Adedeji Adebayo, Growth and Institutional Contexts of Semi-autonomous Gender Studies Centres in Nigeria
Gender Studies (GS) has continued to grow as an academic field globally. In many contexts, this growth has been noticed both in the expansion of traditional disciplines and as an independent academic discipline with autonomous structure – research institutes and centres – for knowledge production. Although, the process of institutionalization of Gender Studies (GS) has been extensively studied, the particularities and complexities of this area of study has been less studied in Africa in general, and Nigeria in particular. The study interrogates the activities of a Gender Studies centre in a small university located in southwestern Nigeria. It employs a qualitative research approach with samples purposively selected. It concludes that there is the need to employ the services of specialist researchers to promote research in the field of GS.

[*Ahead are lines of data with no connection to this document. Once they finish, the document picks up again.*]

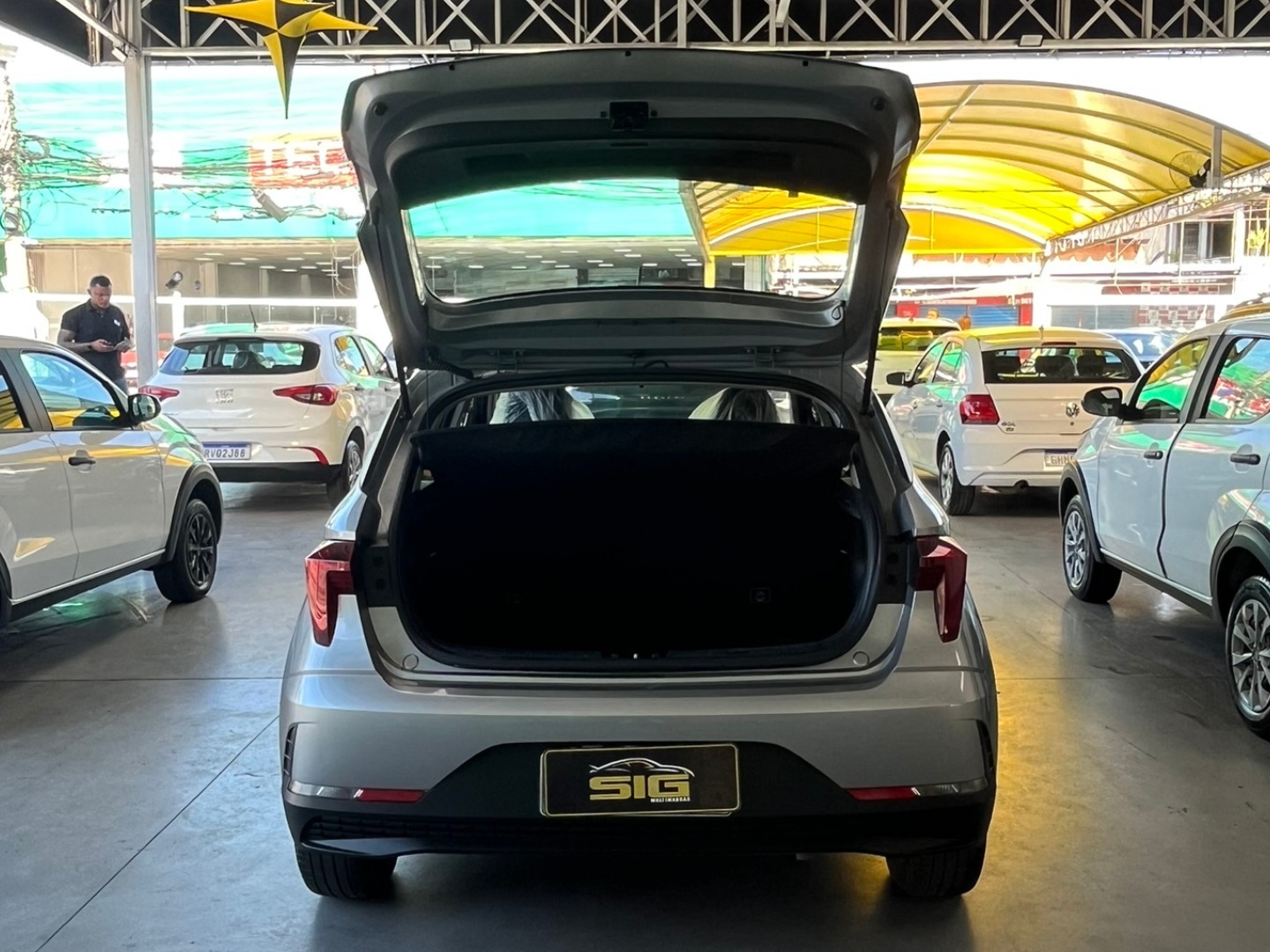 HYUNDAI HB20 1.0 12V FLEX COMFORT PLUS MANUAL 2024 Prata - Miniatura 6 - SIG Multimarcas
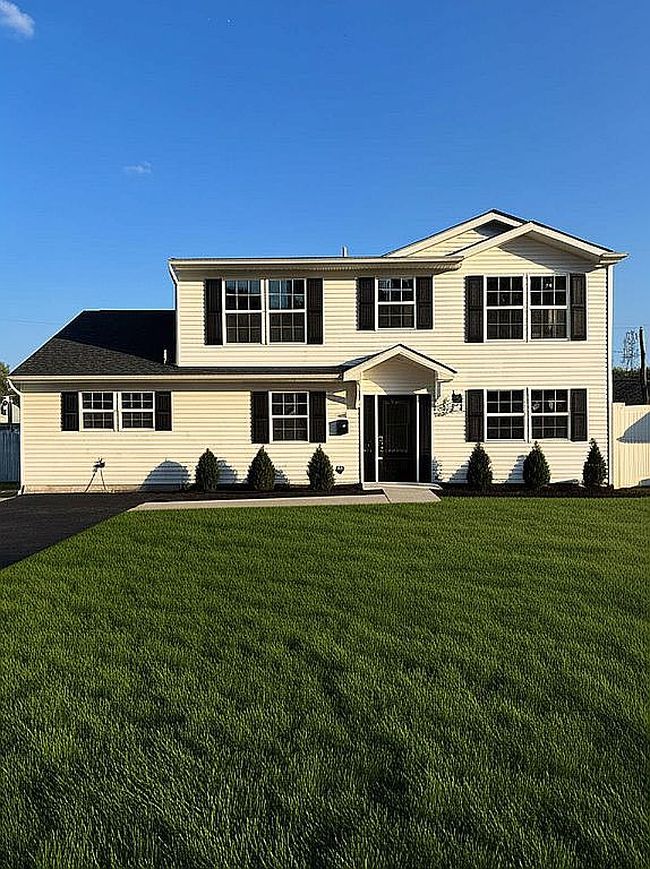 Photo of 38 Inland Rd, Levittown, PA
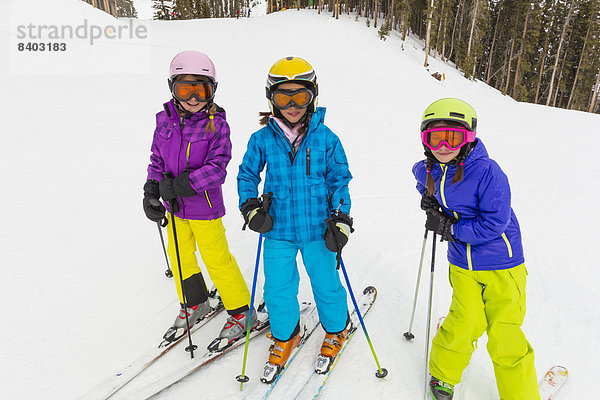 Zusammenhalt  Schnee  Skisport  Mädchen  Hang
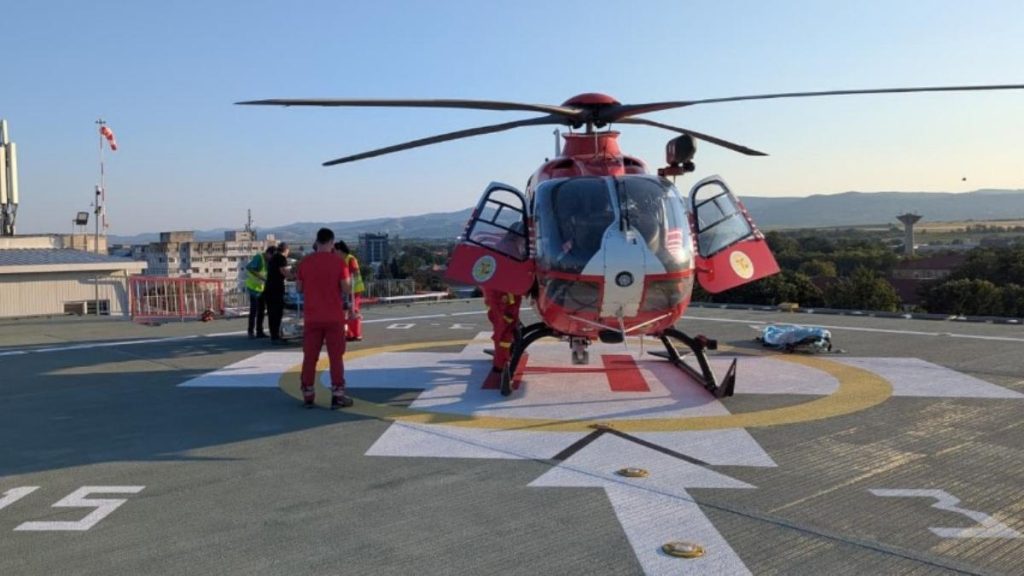Fata de 14 ani ranita in explozie este stabila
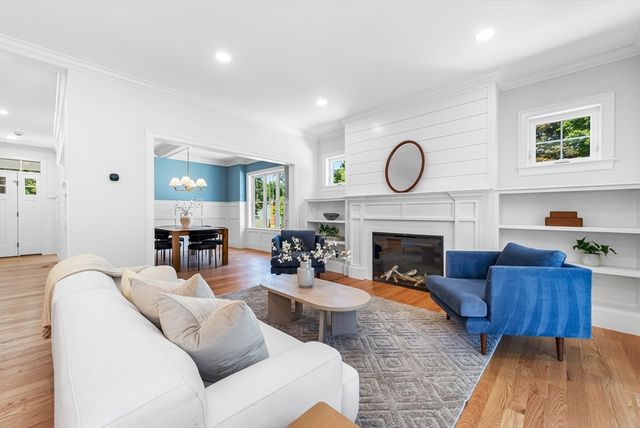 93 Hathaway Circle, Arlington, MA 02476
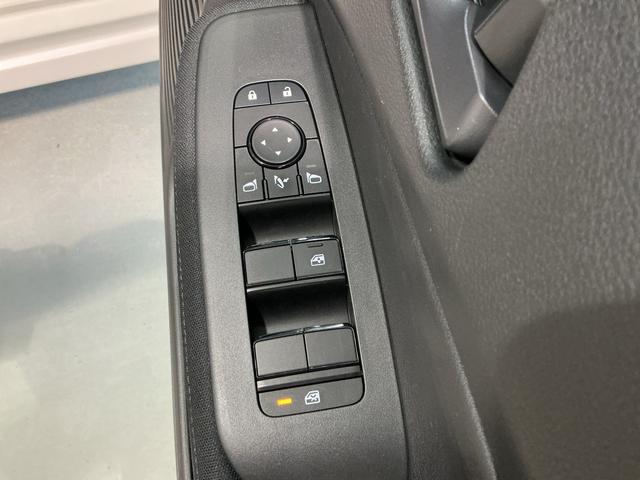 ノート Ｓ　スマキー　ＥＴＣ車載器　ナビＴＶ付き　リモコンキー　ＡＢＳ　エアバッグ　電格ミラー　横滑り防止機能　ＬＥＤライト　イモビライザー　Ｂカメ　メモリーナビ　衝突安全ボディ（27枚目）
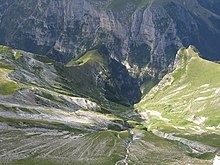 Vista del Fosso Le Vene, in corrispondenza della Corona della Sibilla e del laghetto a fondo valle.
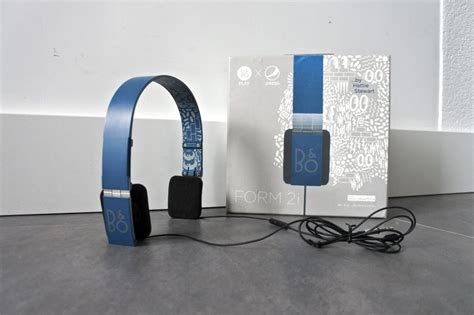 Bang Olufsen Hattie Stewart Beoplay Form 2i Limited Edition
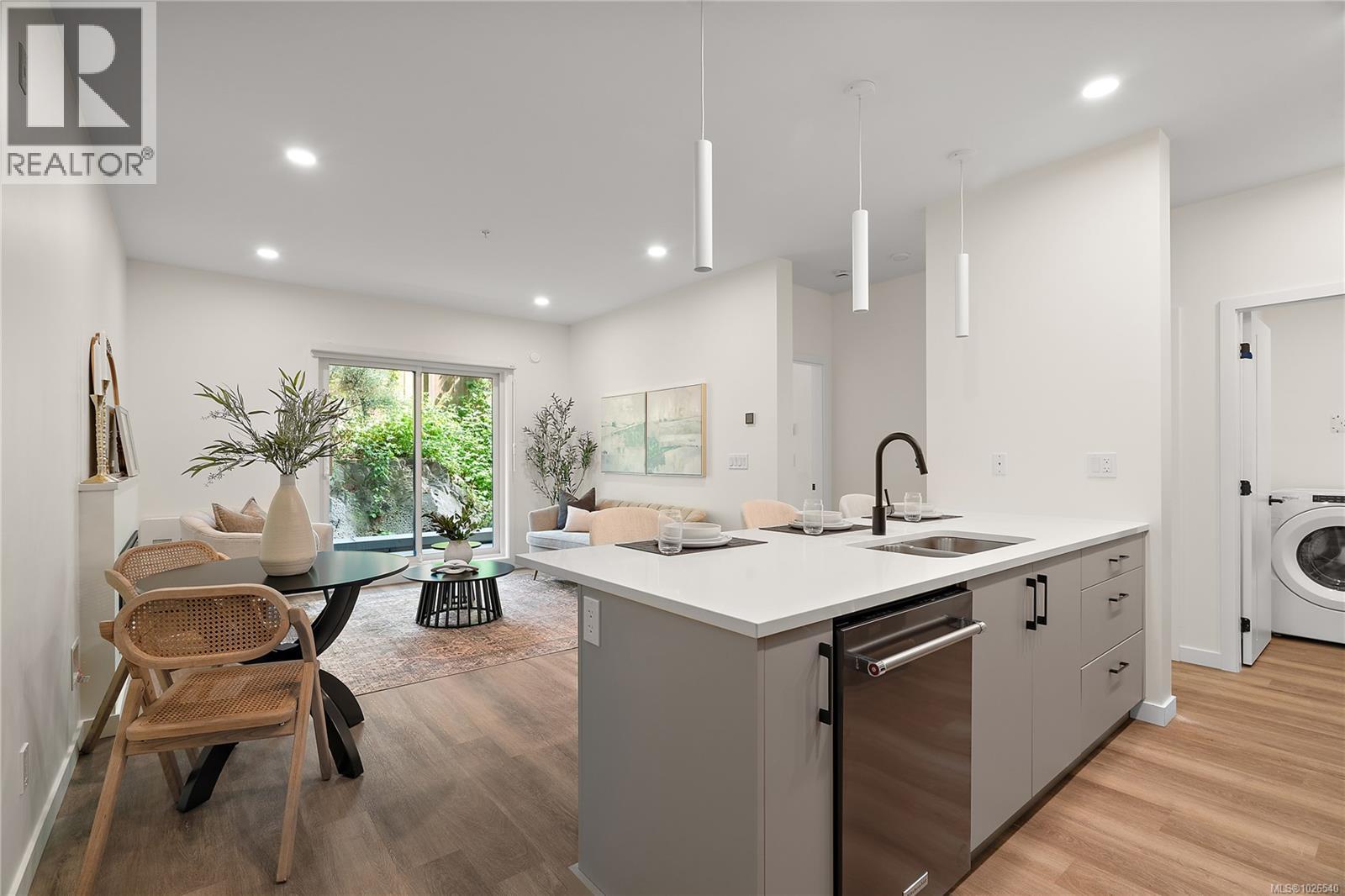 404 610 Lampson Street, Esquimalt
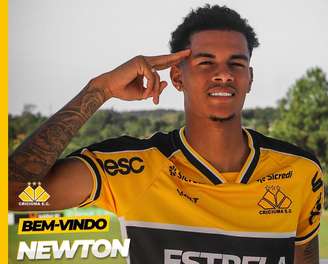 Newton estava no Botafogo e foi emprestado ao clube catarinense 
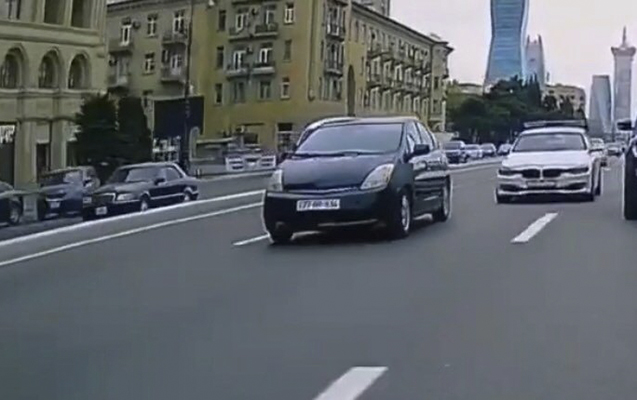 Bakıda yol polisinin manevrləri müzakirələrə səbəb oldu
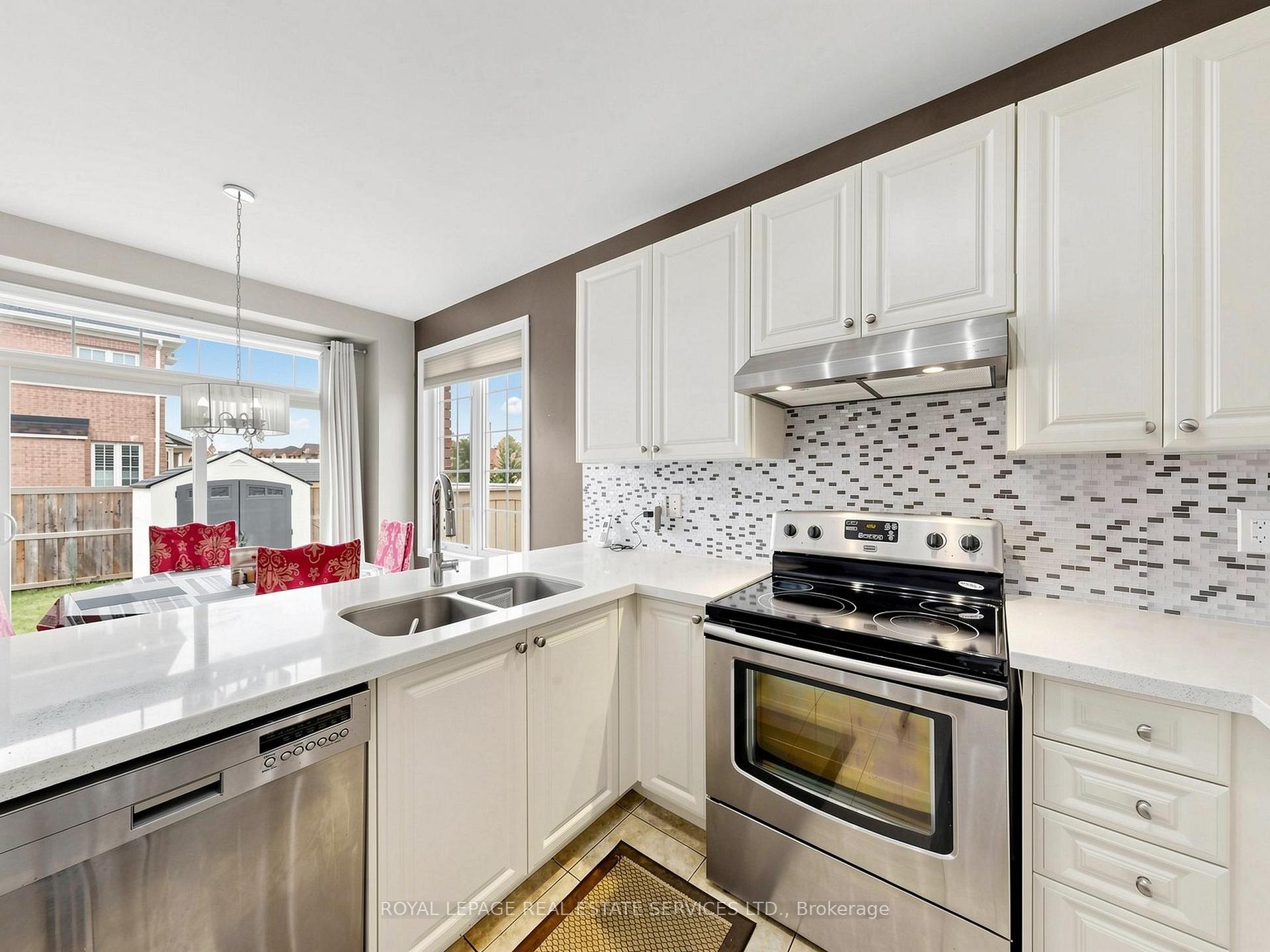 Photo 11 of 122 Juglans Crescent, Whitchurch-Stouffville, Stouffville — HOMEH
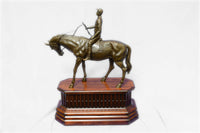 JOCKEY RIDING HORSE BRONZE STATUE FIGURE FIGURIN HOT CAST MARBLE BASE SCULPTURE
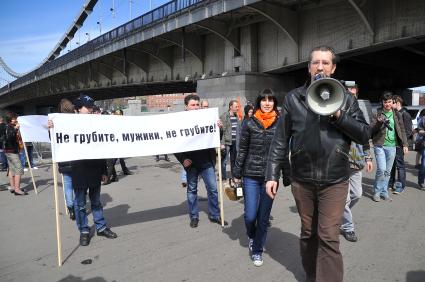 Митинг против хамства, организованный газетой `Комсомольская правда`, прошел в Парке Горького. На снимке: плакат `Не грубите, мужики, не грубите!`.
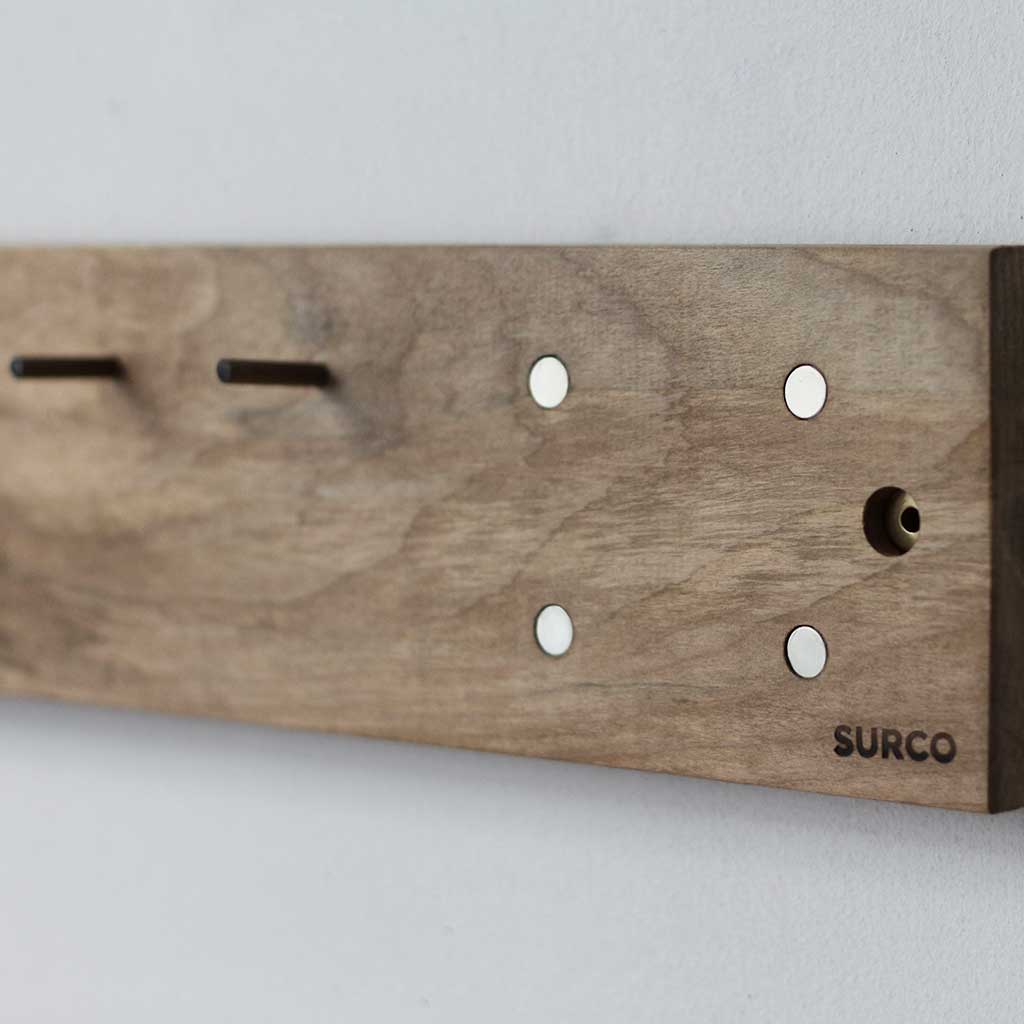 Tabla colgador para utensilios de cocina - Surco Diseño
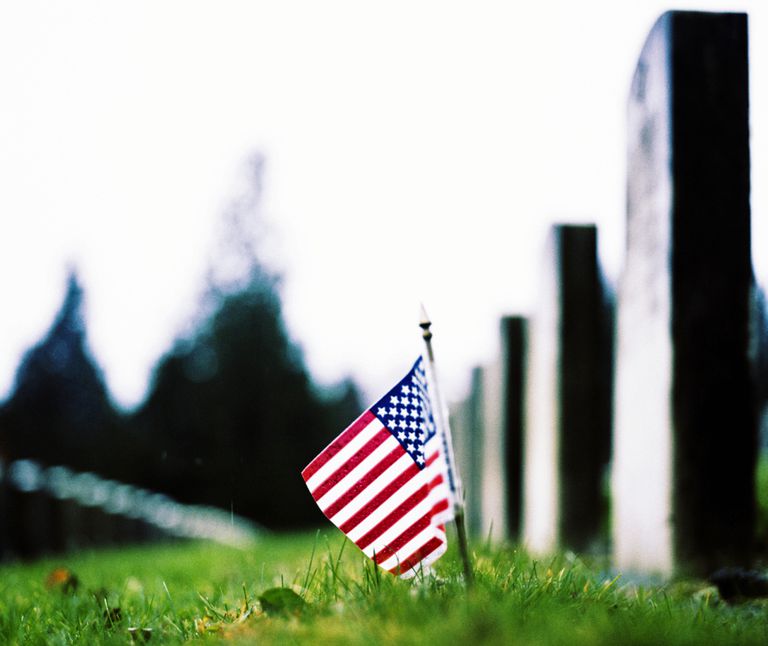 Formas de honrar a un veterano fallecido en el Día de los Caídos Con Preocupaciones por el final de la vida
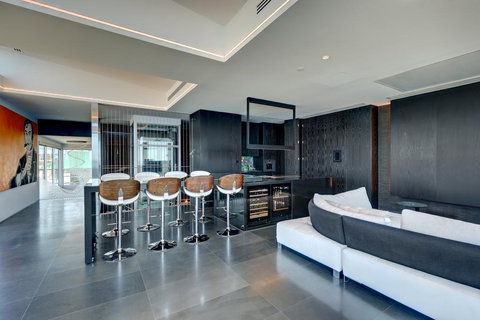 Luxe Haus - Accommodation Cairns 0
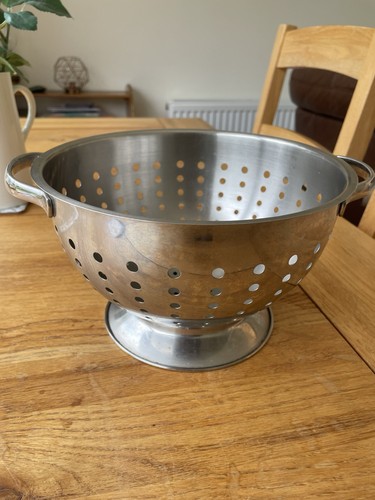 Vintage metal colander with - ,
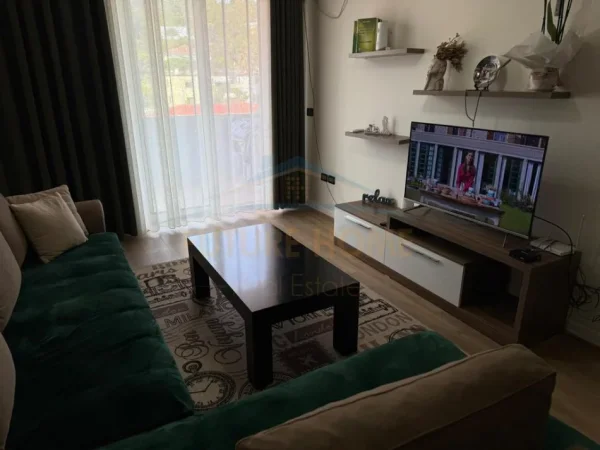 Durres, shitet apartament 2+1 Kati 5, 92 m² 185.000 € (prane Gjyktes)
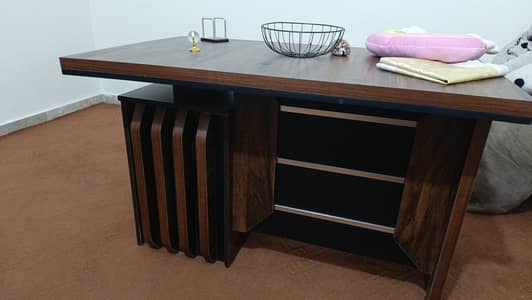 executive table sale in cheap rate.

Dr Sharon Adetutu Omotoso, Gender Studies in Nigeria : Looking Back, Going Forward
With the subsistence of Women’s studies in Nigeria in the last three decades, the contributions of scholars, activists and women’s movements have improved the rate at which gender consciousness is spreading across the country. Equally progressive is the manner with which women’s studies have expanded into gender studies across the country to address masculinities and sexuality issues beyond the confines of womanhood. However, the spread of gender studies is fraught with constraints and contradictions with regards to pedagogy, activism, policy and gender consciousness. Using methods of critical analysis, deconstructive and reconstructive argumentation, this study interrogates the success stories in Nigeria are commensurate with the realities across the country and how gender studies have influenced the teeming populace across spheres. The emerging trends, dynamisms in pedagogy, activisms, policy and media engagements in Nigeria will then be deployed to present possible and plausible future of gender studies in Nigeria.